M. Charbonneau termine en soulignant qu’« ils (SRC) ne peuvent informer correctement le public puisqu’ils sont incapables d’informer le public correctement sur eux-mêmes alors comment peuvent-ils informer le public correctement sur autrui ».
Analyse
Les médias et les professionnels de l’information doivent être libres de relater les événements et de les commenter sans entraves ni menaces ou représailles. L’attention qu’ils décident de porter à un sujet particulier, le choix de ce sujet et sa pertinence relèvent de leur jugement rédactionnel. Nul ne peut dicter à la presse le contenu de l’information sans s’exposer à faire de la censure ou à orienter l’information.
Le reportage mis en cause relate une décision de la Cour du Québec opposant la Commission des valeurs mobilières du Québec (CVMQ) à M. André Charbonneau. Ce dernier reproche au journaliste Michel Morin deux griefs.
Au premier point contesté, le plaignant reproche au journaliste d’avoir «délibérément » camouflé au public l’information selon laquelle MM. Cossette et Larose font l’objet de poursuites par la CMVQ. Le journaliste aurait par surcroît laissé M. Larose le traiter de «super menteur ».
Le jugement du juge Carol Richer qui fait l’objet du reportage ne traite que de la poursuite de la CVMQ contre M. Charbonneau et aucunement des présumés poursuites contre MM. Cossette et Larose.

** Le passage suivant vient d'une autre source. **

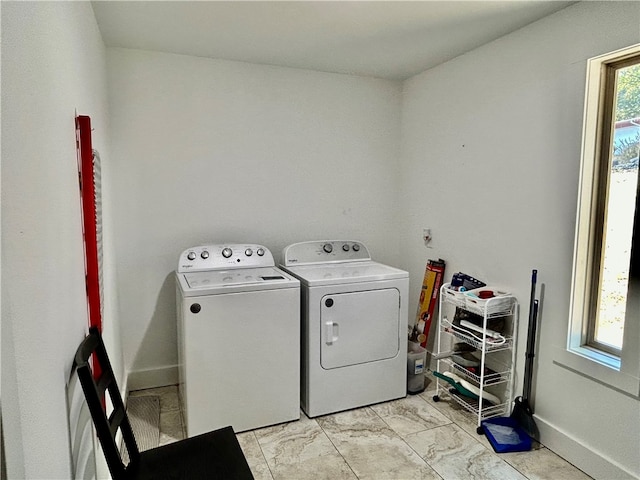 clothes washing area featuring washing machine and clothes dryer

En étudiant attentivement le jugement, le Conseil constate que la Cour accueille sans réserves les témoignages de MM. Cossette et Larose. Dans ces circonstances, le Conseil ne s’interposant pas dans les décisions de Cour, considère que le journaliste n’était pas dans l’obligation de relater les antécédents judiciaires de ces deux hommes.

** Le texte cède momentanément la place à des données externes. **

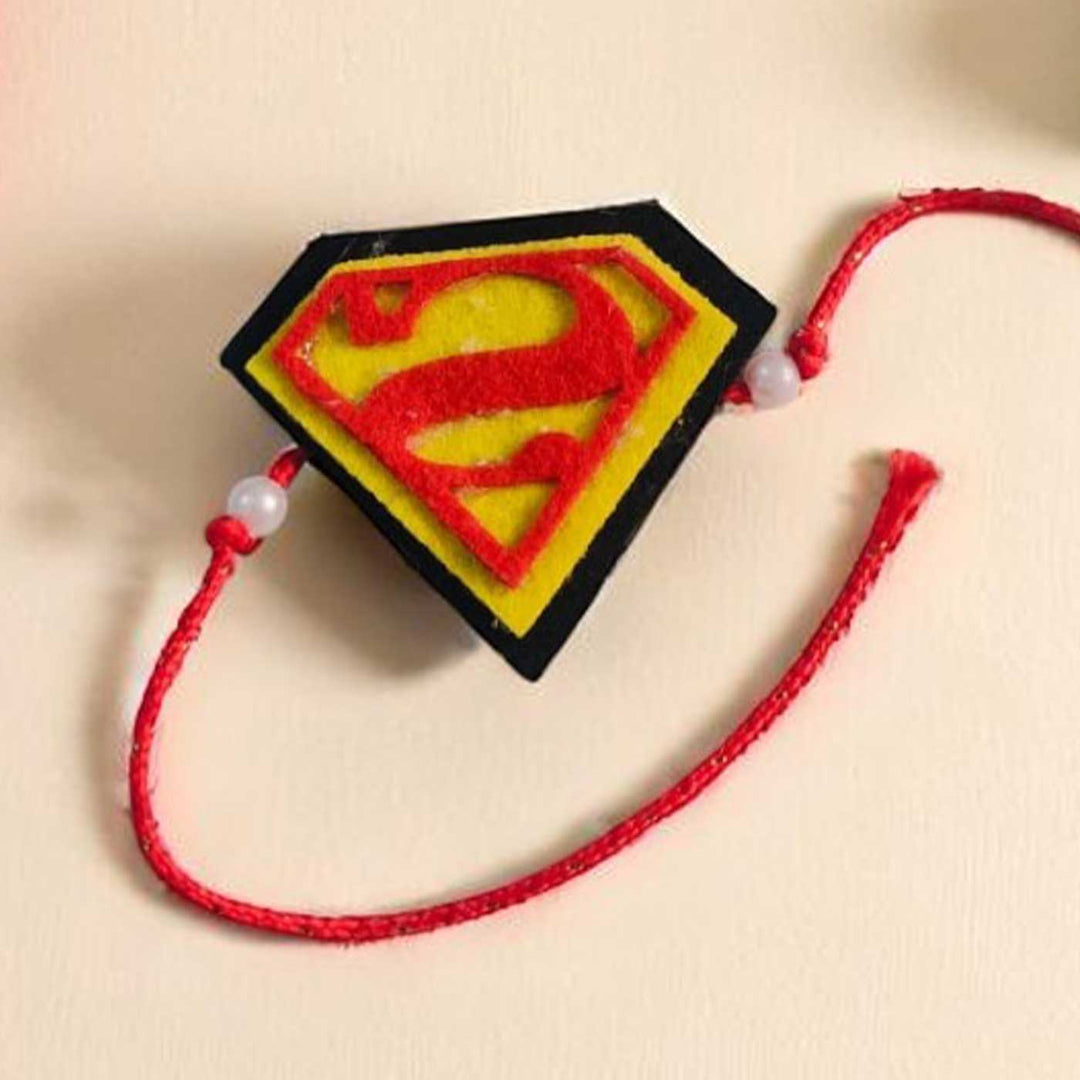 Handmade Beaded Superman Theme Pom Pom Felt Rakhi With Roli Chawal For Kids - Front View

En ce qui concerne les attaques envers le plaignant lorsqu’il se fait traiter de «super menteur », elles ne peuvent être retenus contre le journaliste car ce n’est pas ce dernier qui les mentionnent mais M. Larose interrogé dans le cadre du reportage en cause.
Le mis-en-cause reconnaît que deux «imprécisions » se sont produites lors de la présentation du reportage, il y a eu juxtaposition d’une photo de M. Charbonneau et le présentateur l’a identifié comme président de L’Alternative. Par contre précise-t-il, dans le reportage de Michel Morin, il n’y a aucune mention du fait reproché.

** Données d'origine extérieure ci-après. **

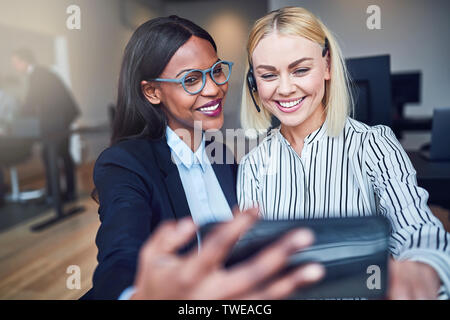 Due sorridenti giovani imprenditrici in piedi in un luminoso ufficio moderno e prendendo un selfie insieme Foto Stock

Le Conseil prend en compte la reconnaissance des erreurs du Service des nouvelles et les retient comme étant des «imprécisions ». Le Conseil tient à faire remarquer que bien que M. Charbonneau n’ait jamais été identifié comme président de L’Alternative, par M. Morin, le jugement de la Cour atteste qu’il était le promoteur de cette compagnie d’assurances et qu’il en contrôlait directement la très grande majorité des actions.
Décision
Pour les motifs énumérés ci-haut, le Conseil de presse rejette la plainte à l’encontre du journaliste Michel Morin et de la Société Radio-Canada.